Question

Could someone please show me how to solve this with the provided information?

Answer 1

This is a Hess's law question!

Hess's law states that regardless if there are multiple steps in a reaction, the total enthalpy change for the reaction is the sum of all changes.

Explanation:

This the question you want

`C_2H_4 (g)+ H_2(g)-> C_2H_6(g)`

These are the equations given

`C_2H_4 + 3O_2 -> 2CO_2 + 2H_2O` `H = -1411 KJ`

`C_2H_6 + 3 1/2 O_2 -> 2CO_2 + 3H_2O` `H = -1560.0 KJ`

`H_2 + 1/2 O_2 -> H_2O` `H = -285.8 KJ`

Now you need to either

Multiply the equation by a - number to flip the equation

Multiply the whole equation by a number to get more of the product or reactant.

Cancel out like reactant with like products.

Here are my steps

Here I multiplied equation 2 by a negative number to flip the
question this changes the enthalpy value from being a negative number to a positive.

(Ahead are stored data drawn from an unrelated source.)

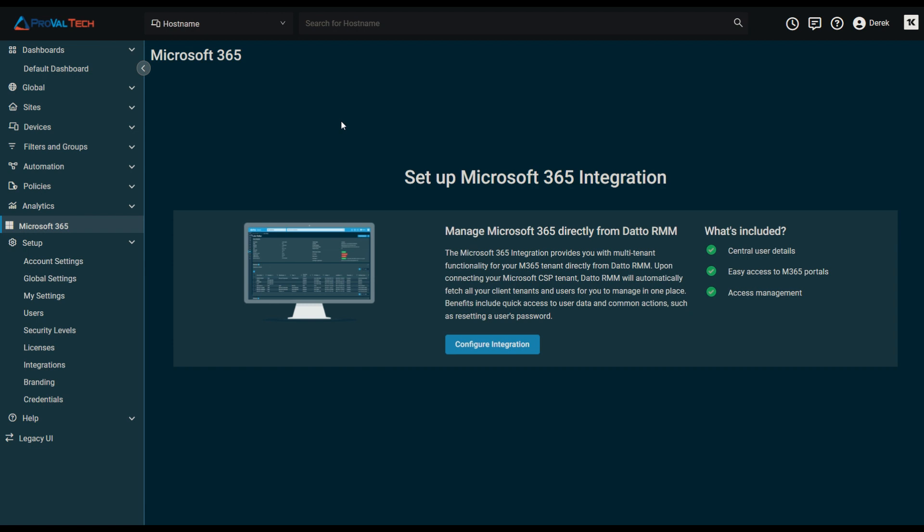The integrating service must be a global administrator for initial setup. Global administrator rights are not required perpetually, however, so Datto recommends leveraging Privileged Identity Management, or PIM, so the account is only eligible for the role when required.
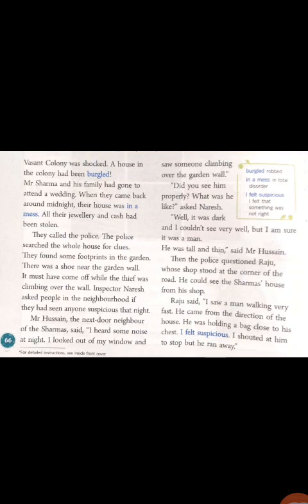Inspector Naresh asked some people in the neighborhood if they had seen something suspicious — suspicious means doubtful. Mr. Hussain, the neighbor of Mr. Sharma, had heard some noise. And when he looked outside the window, someone was climbing over the garden wall, he said. Inspector Naresh asked if he saw the person clearly, but as it was dark, he could not see well. But he was sure that the man was tall and thin.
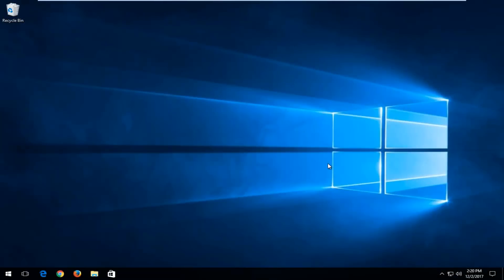Hello everyone, how are you doing? This is MD Tech here with another quick tutorial. In today's video I'm going to show you guys how to resolve the IRQL not less or equal blue screen you're receiving on your Windows computer. So this should hopefully be a pretty quick tutorial and we're going to jump into it.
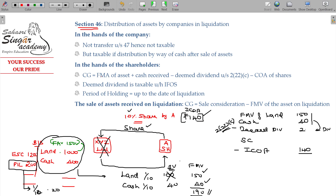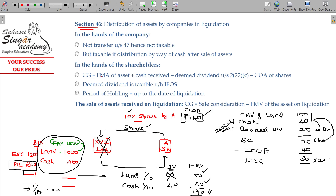So the deemed dividend will be subtracted. The balance — the sale consideration — is 170, which will be the sale consideration of your share, with the balance being capital appreciation. The capital gain is 30 rupees — long-term capital gain. This is taxable as long-term capital gain at the rate of 20%, and the deemed dividend is taxable at normal tax rate.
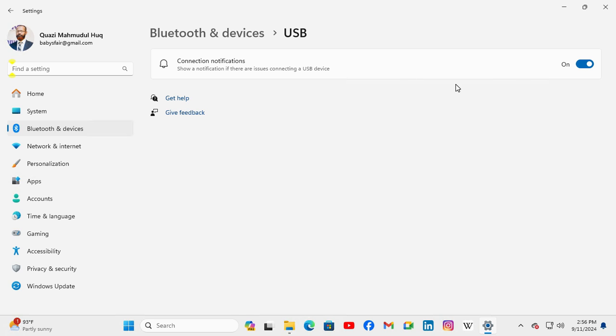Now it is turned on, just click here to turn it off. Now USB connection notification is turned off in Windows 11 computer.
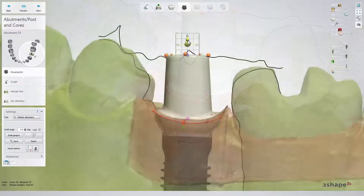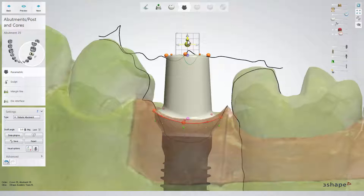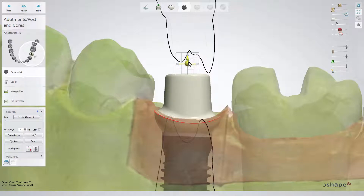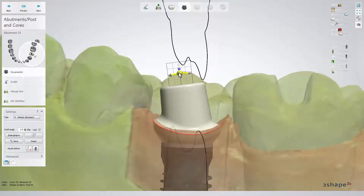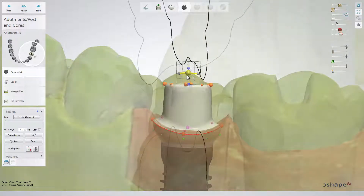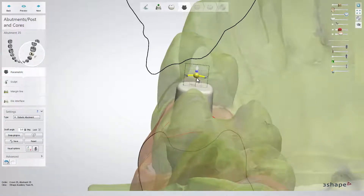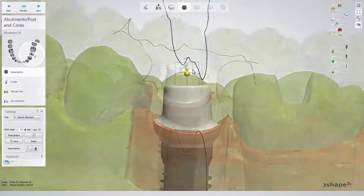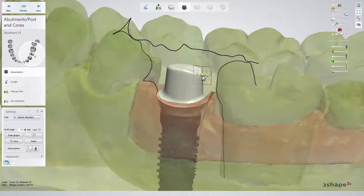When the emergence profile and the margin line of the abutment are set, go to the top cap of the abutment. By using blue spheres, you can adjust the height and angulation of the abutment according to the arrows. The abutment will turn red when going too low or too thin during the abutment design.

I also simplified `3 1/2 O_2` to `3/2 O_2`

`C_2H_4 + 3O_2 -> 2CO_2 + 2H_2O` `DeltaH = -1411 KJ`

`(-) 2CO_2 + 3H_2O ->C_2H_6 + 3/2 O_2` `DeltaH = +1560.0 KJ`

`H_2 + 1/2 O_2 -> H_2O` `DeltaH = -285.8 KJ`

Now you just need to cancel out like terms

`C_2H_4 + cancel 3O_2 -> cancel2CO_2 + cancel2H_2O` `DeltaH = -1411 KJ`

`(-) cancel 2CO_2 + cancel3H_2O ->C_2H_6 + cancel 3/2 O_2` `DeltaH = +1560.0 KJ`

`H_2 + cancel1/2 O_2 ->cancel H_2O` `DeltaH = -285.8 KJ`

Now your left with

`C_2H_4 (g)+ H_2(g)-> C_2H_6(g)`

Add up all your Enthalpy Values

And that's your answer

`DeltaH= -136.8 KJ`

Best Of Luck

-AN

If you have any questions please ask.